__Work to complete__: Your answer should hold exactly the lines from the one with "EVELYN DRESS (WHITE/GREEN)" through the final line of the data below, reproduced as written.

(Supplied material begins)

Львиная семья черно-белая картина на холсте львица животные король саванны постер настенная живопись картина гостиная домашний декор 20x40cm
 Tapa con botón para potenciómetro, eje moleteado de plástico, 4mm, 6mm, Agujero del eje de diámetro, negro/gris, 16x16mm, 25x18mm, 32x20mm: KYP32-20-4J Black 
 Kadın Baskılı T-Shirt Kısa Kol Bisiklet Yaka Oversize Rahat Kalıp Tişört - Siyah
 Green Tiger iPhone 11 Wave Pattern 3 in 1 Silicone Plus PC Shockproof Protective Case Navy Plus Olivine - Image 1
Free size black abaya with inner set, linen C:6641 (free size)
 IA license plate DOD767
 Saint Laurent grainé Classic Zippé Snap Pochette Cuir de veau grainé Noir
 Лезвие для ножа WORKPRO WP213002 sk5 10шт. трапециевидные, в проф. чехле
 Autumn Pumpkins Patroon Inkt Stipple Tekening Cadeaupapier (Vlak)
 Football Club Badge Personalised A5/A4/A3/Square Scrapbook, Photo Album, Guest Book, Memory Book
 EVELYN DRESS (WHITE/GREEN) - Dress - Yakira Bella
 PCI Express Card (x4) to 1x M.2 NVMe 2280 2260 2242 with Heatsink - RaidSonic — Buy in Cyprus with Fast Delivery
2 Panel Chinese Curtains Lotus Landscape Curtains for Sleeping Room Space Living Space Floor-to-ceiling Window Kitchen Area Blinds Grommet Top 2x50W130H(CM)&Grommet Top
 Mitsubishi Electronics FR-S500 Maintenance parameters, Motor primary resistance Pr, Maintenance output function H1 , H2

(Supplied material ends)

__Exercise result__:
 EVELYN DRESS (WHITE/GREEN) - Dress - Yakira Bella
 PCI Express Card (x4) to 1x M.2 NVMe 2280 2260 2242 with Heatsink - RaidSonic — Buy in Cyprus with Fast Delivery
2 Panel Chinese Curtains Lotus Landscape Curtains for Sleeping Room Space Living Space Floor-to-ceiling Window Kitchen Area Blinds Grommet Top 2x50W130H(CM)&Grommet Top
 Mitsubishi Electronics FR-S500 Maintenance parameters, Motor primary resistance Pr, Maintenance output function H1 , H2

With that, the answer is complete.